Thursday, January 19, 2006

Reducing dependence on imports

January 19, 2006
Washington, D.C.
Sociable Press

President Bush yesterday announced a long term, three step program to reduce dependence on imported beer. "The overall goal," said the President at a news conference held this morning, "is to lower our dependence on the Organization of Beer Exporting Countries (OBEC) who right now control the market." The price of a 1/2 barrel keg of beer is currently ranging from fifty dollars to one-hundred and fifty dollars or about $3.15 to $10.00 dollars a gallon. "I'm glad I quit drinking," chuckled the President, "but we do want to give some assistance to our fellow American beer lovers."

Step one is to ask Congress to pass subsidies for malt and hops growers much like the subsidies for giant grain producers. Little resistance is expected from Congress since "enough of them are beer lovers that lower prices would likely make those folks a lot less cranky and a bit easier to deal with," said Mr. Bush. Such subsidies would have a built-in "sunset" date and would have to be reauthorized by Congress if needed.
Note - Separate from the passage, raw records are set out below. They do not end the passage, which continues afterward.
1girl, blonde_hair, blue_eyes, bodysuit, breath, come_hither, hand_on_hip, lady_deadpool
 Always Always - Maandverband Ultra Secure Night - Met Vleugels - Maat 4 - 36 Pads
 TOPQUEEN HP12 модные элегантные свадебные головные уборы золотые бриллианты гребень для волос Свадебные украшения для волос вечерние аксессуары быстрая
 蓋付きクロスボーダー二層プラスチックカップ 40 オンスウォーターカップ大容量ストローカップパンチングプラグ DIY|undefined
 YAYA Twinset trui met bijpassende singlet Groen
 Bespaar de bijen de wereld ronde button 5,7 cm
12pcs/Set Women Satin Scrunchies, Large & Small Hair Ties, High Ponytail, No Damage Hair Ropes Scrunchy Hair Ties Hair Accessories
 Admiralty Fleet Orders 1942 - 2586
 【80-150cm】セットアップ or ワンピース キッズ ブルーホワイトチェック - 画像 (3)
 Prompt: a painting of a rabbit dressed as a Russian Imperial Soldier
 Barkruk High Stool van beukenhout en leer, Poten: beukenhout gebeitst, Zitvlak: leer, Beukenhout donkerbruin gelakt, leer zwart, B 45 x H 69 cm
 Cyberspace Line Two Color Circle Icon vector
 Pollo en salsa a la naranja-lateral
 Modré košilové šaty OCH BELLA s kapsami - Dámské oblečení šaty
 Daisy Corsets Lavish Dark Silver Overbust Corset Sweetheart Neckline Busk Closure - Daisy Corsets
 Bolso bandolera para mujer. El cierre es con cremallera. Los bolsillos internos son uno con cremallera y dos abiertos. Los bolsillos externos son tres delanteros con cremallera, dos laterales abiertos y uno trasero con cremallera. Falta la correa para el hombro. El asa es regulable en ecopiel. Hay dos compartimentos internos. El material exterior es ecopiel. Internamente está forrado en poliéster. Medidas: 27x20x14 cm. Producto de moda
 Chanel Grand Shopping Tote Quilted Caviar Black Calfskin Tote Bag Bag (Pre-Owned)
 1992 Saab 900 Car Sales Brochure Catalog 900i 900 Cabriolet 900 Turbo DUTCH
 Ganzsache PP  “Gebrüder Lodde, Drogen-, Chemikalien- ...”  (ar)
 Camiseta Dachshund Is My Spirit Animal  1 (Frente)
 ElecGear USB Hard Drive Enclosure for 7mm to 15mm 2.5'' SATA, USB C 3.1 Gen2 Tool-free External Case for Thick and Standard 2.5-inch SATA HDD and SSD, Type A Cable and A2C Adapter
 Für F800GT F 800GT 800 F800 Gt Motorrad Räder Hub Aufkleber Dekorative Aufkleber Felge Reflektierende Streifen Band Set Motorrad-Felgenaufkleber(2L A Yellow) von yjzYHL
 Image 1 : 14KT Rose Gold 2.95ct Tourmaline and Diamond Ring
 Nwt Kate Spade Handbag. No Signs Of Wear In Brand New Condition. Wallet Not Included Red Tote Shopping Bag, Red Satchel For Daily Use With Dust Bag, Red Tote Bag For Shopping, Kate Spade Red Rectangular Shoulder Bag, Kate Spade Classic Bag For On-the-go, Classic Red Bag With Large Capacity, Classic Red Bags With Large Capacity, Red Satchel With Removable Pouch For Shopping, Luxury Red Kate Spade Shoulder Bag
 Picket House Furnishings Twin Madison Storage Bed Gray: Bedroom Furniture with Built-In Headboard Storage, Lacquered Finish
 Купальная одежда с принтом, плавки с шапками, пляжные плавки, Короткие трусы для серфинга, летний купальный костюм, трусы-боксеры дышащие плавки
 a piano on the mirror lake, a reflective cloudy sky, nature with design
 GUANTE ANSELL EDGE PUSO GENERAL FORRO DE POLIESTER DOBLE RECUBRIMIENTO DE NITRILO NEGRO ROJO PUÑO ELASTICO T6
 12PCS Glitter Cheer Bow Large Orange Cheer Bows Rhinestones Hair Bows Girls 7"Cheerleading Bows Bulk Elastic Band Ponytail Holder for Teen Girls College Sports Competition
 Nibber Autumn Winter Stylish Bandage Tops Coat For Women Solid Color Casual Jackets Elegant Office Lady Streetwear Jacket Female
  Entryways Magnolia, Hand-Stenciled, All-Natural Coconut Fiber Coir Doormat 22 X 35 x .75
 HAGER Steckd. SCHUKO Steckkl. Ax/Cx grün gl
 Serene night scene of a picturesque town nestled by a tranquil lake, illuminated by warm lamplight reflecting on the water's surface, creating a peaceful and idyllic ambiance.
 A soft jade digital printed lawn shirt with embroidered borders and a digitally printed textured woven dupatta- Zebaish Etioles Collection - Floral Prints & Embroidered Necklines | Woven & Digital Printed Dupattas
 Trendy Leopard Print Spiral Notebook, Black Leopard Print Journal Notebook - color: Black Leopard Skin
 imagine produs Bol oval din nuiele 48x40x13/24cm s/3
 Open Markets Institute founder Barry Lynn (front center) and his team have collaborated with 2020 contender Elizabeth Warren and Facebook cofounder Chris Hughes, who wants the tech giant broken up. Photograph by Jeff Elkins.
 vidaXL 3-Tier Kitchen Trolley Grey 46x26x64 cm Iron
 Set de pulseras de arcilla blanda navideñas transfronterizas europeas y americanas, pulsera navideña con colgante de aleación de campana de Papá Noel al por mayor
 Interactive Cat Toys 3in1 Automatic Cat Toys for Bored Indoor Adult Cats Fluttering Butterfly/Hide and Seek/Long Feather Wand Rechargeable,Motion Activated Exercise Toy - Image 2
Step two, pictured here, is to place a limit on the number of beers each citizen will be allowed to consume per day. Initially, the number was set at three, but after crunching the numbers (and a six-pack or two) it was eventually reduced to one. The one-per-day limit is expected to last until domestic production of beer has increased to seventy percent of demand. At that time subsidies are to be phased out over a three year period.

Step three will be a public interest campaign to promote beer, especially domestic beer, as the national beverage. "We have the bald eagle, the liberty bell, Uncle Sam, and many other symbols and emblems," the President continued, "why not a national beverage, particularly beer since it's easy to spell and even easier to pronounce."

While no response has so far been heard from OBEC members, it is unlikely that Germany and Canada will not respond. If history is any guide they are likely to file protests with the United Nations and possibly even commence legal proceedings with the World Court. It is unknown at this time what the Administration's exit strategy would be in such an event, should it occur.

Senator Kennedy could not be reached for comment, but it is believed that he was instrumental in finalizing the size of the one-per-day container.